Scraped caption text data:
▽

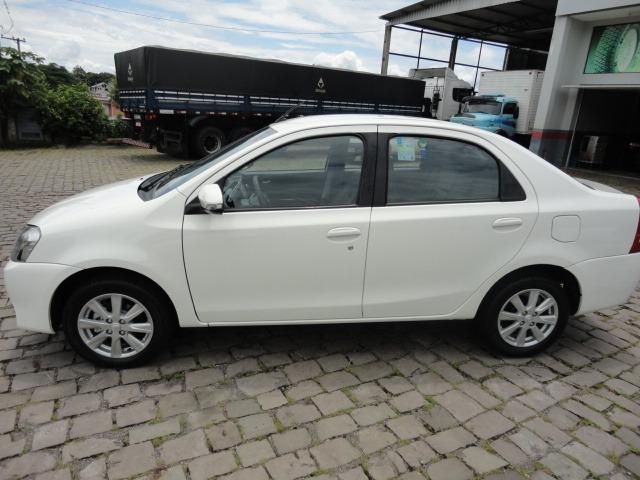 Toyota Etios impecável - Foto 16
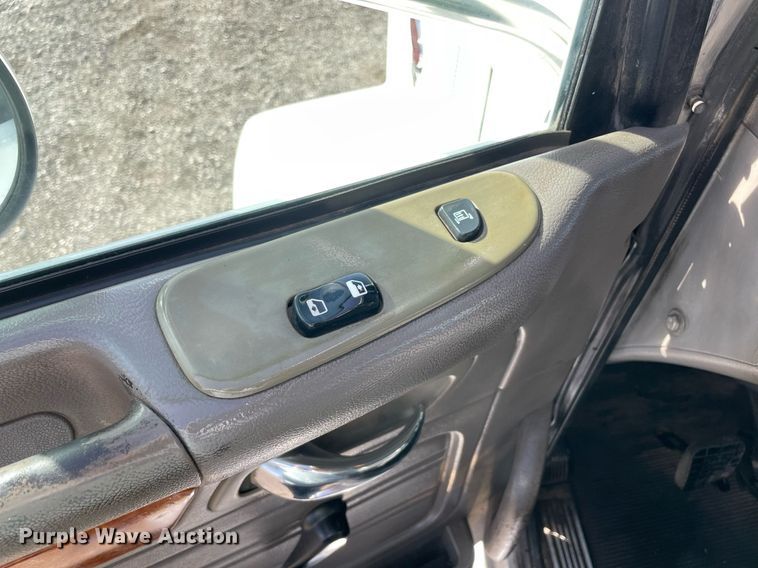 image for item LV9119 2007 Peterbilt 385  semi truck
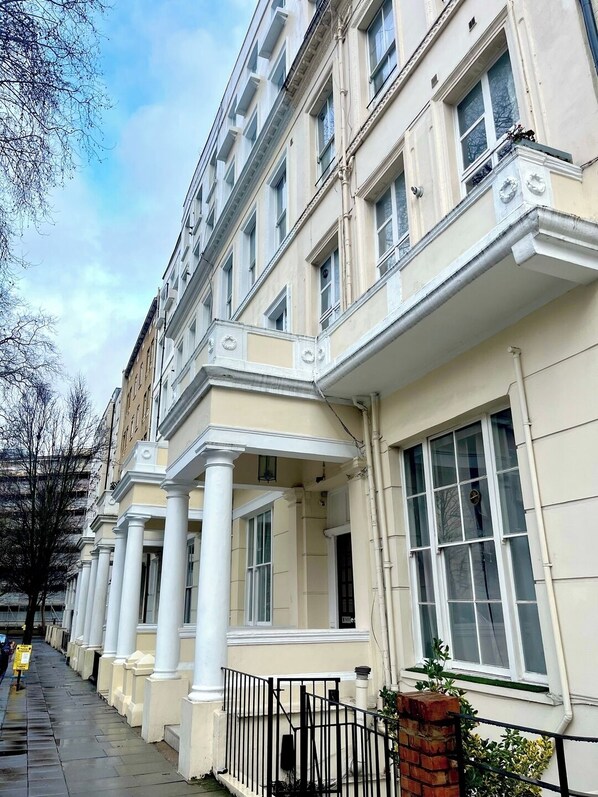Exterior - Paddington Apartments by PrimeCityHosts F1 (Greater London)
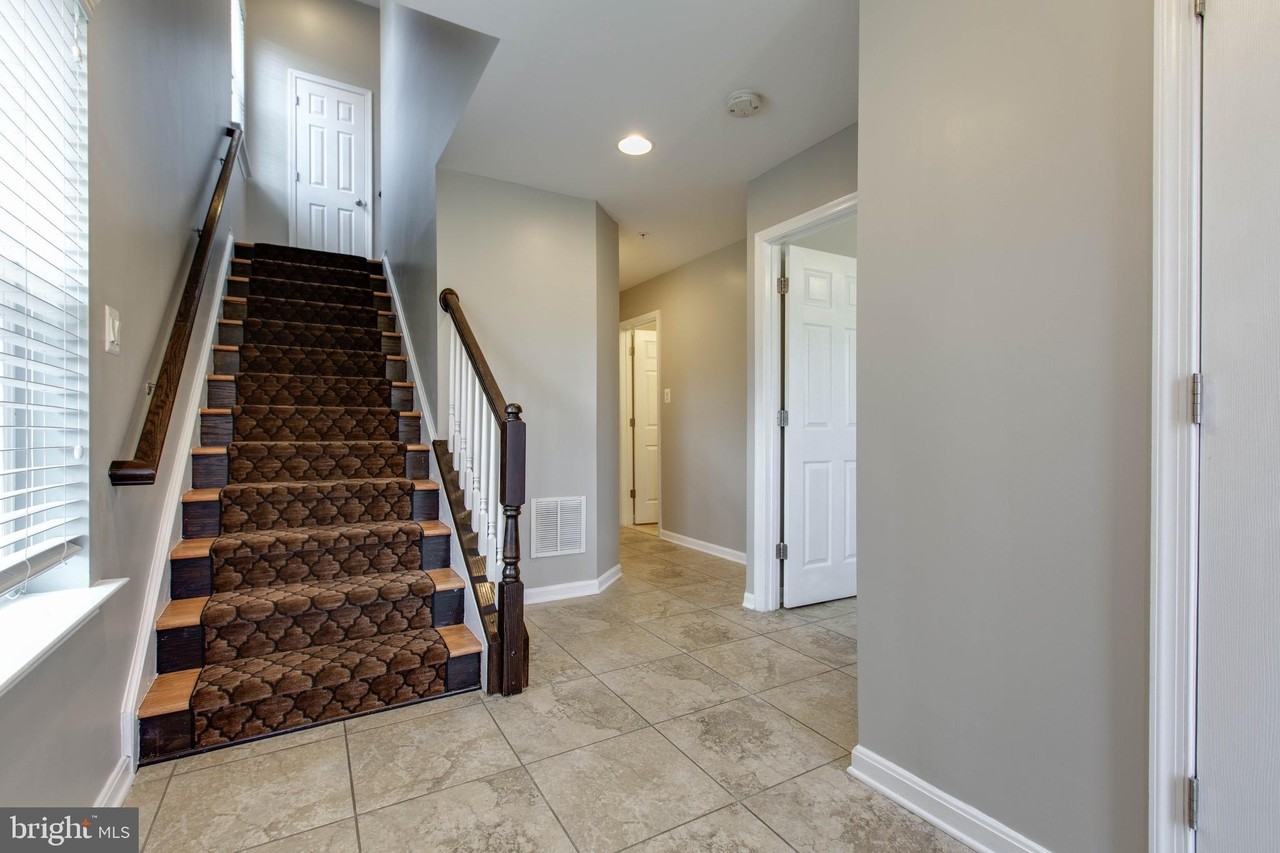 1038 Ironwood Ln - Photo 5 of 44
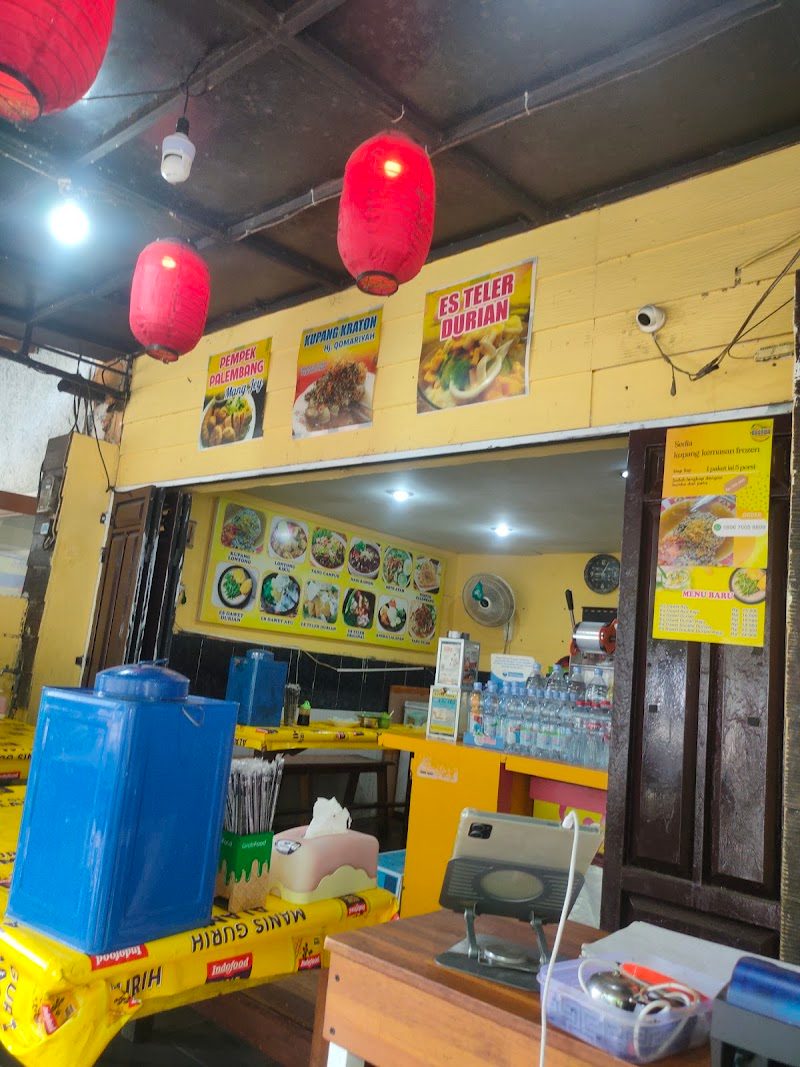 Es Teler Durian & Soup Durian Omama, Klojen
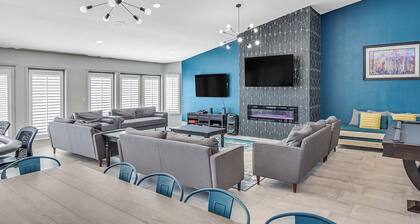 8 Bdr/5 Ba 16 Beds, Free Spa Heat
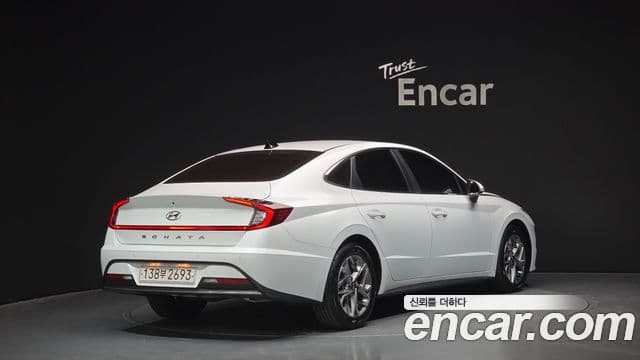 Hyundai Sonata Hybrid 2021 — Şəkil 18/20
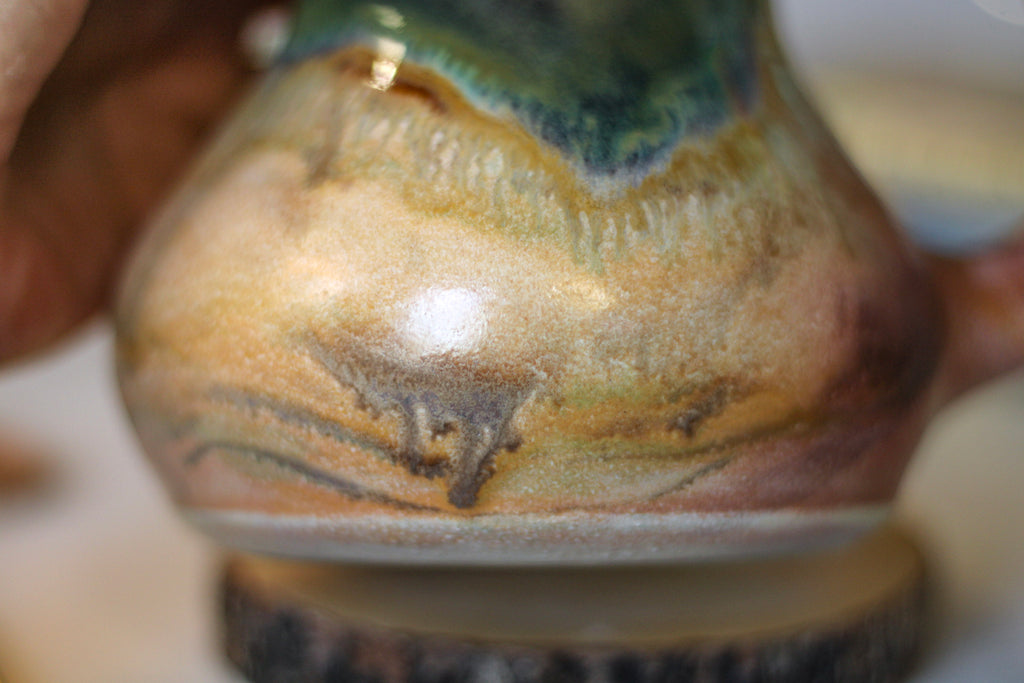 18-C Hidden Valley EXPERIMENT Notched Acorn Gourd Mug - MISFIT, 22 oz. - 30% off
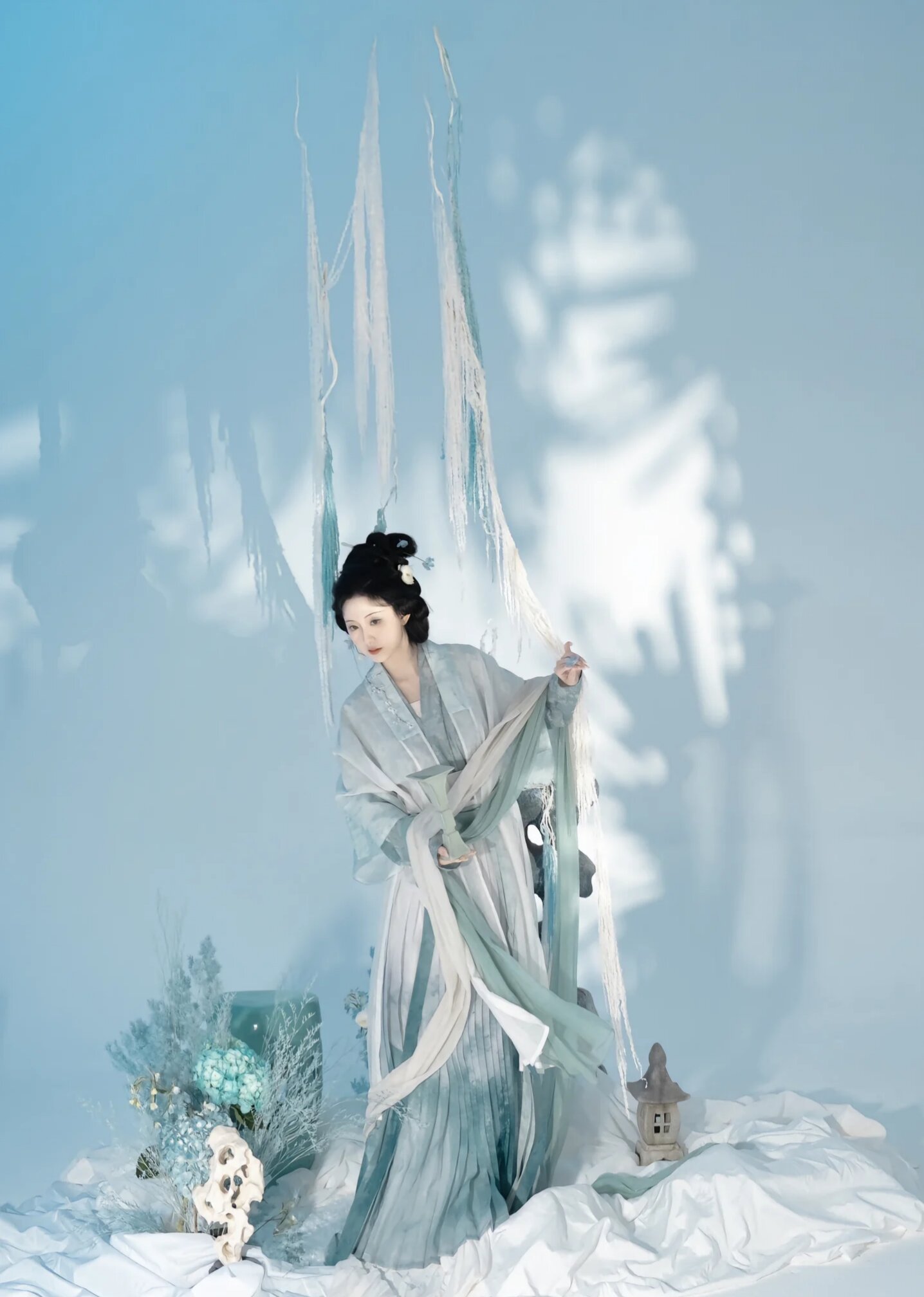 The Twelve Hours of Hanfu:A Journey Through Ancient Chinese Time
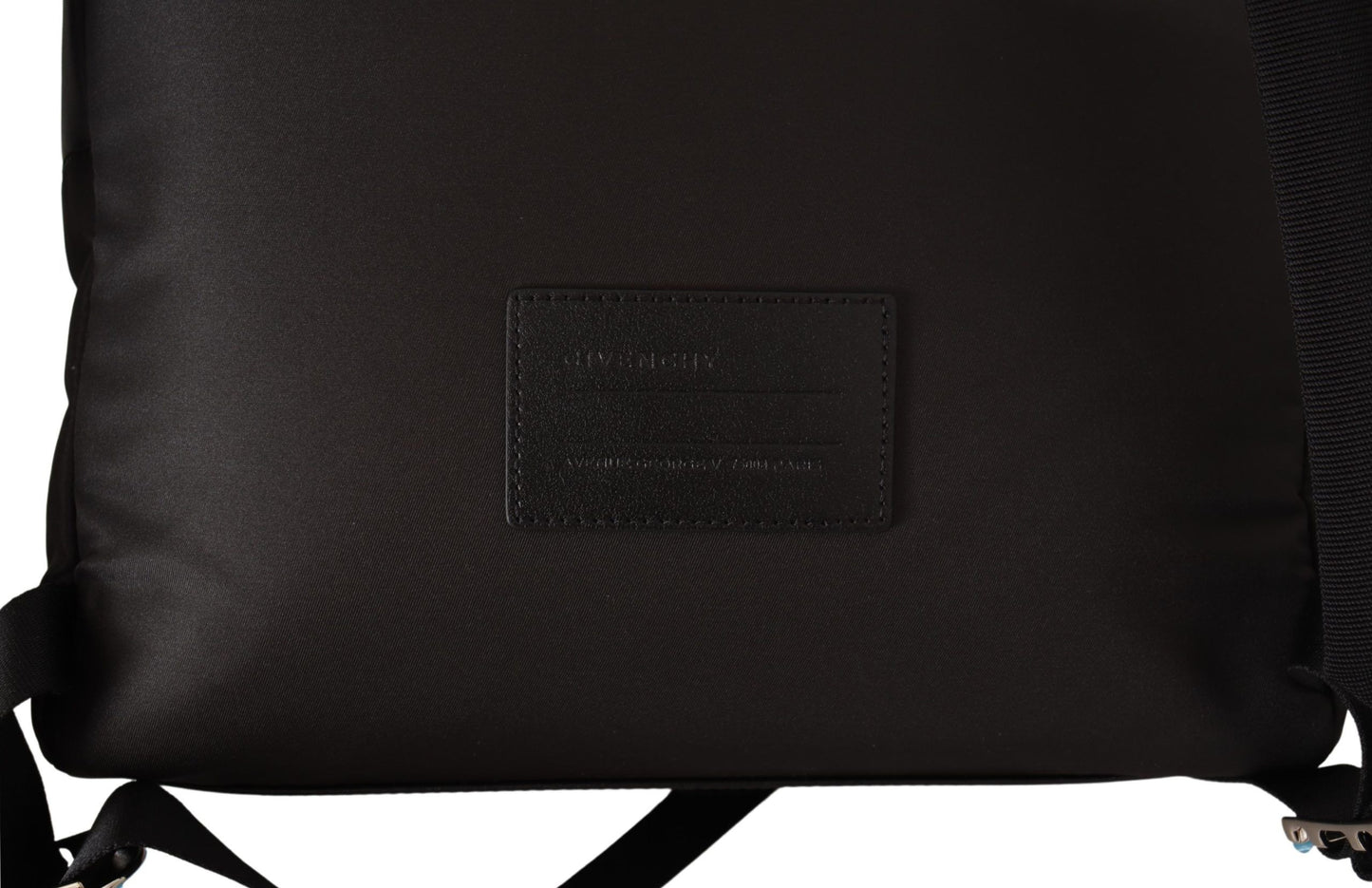 Mochila urbana Givenchy con cierre de cremallera ajustable en el hombro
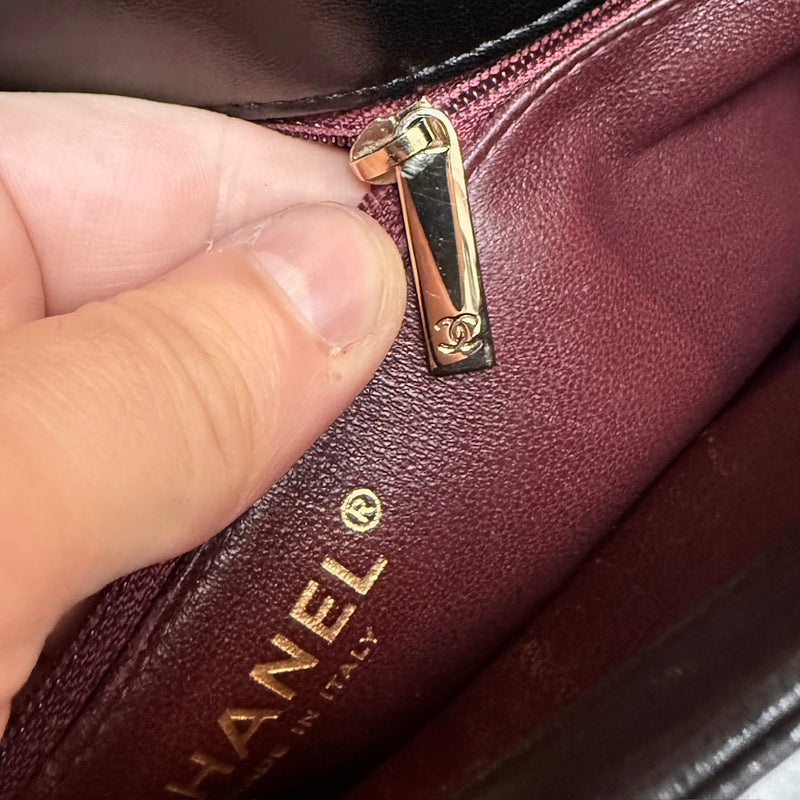 Branded hardware ofChanel 2017 Black Medium Trendy Quilted Top Handle Shoulder Bag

△

EXERCISE REQUIREMENTS: Pictures aside, retype the entries above exactly as they are.

ANSWER SECTION:
 Toyota Etios impecável - Foto 16
 image for item LV9119 2007 Peterbilt 385  semi truck
Exterior - Paddington Apartments by PrimeCityHosts F1 (Greater London)
 1038 Ironwood Ln - Photo 5 of 44
 Es Teler Durian & Soup Durian Omama, Klojen
 8 Bdr/5 Ba 16 Beds, Free Spa Heat
 Hyundai Sonata Hybrid 2021 — Şəkil 18/20
 18-C Hidden Valley EXPERIMENT Notched Acorn Gourd Mug - MISFIT, 22 oz. - 30% off
 The Twelve Hours of Hanfu:A Journey Through Ancient Chinese Time
 Mochila urbana Givenchy con cierre de cremallera ajustable en el hombro
 Branded hardware ofChanel 2017 Black Medium Trendy Quilted Top Handle Shoulder Bag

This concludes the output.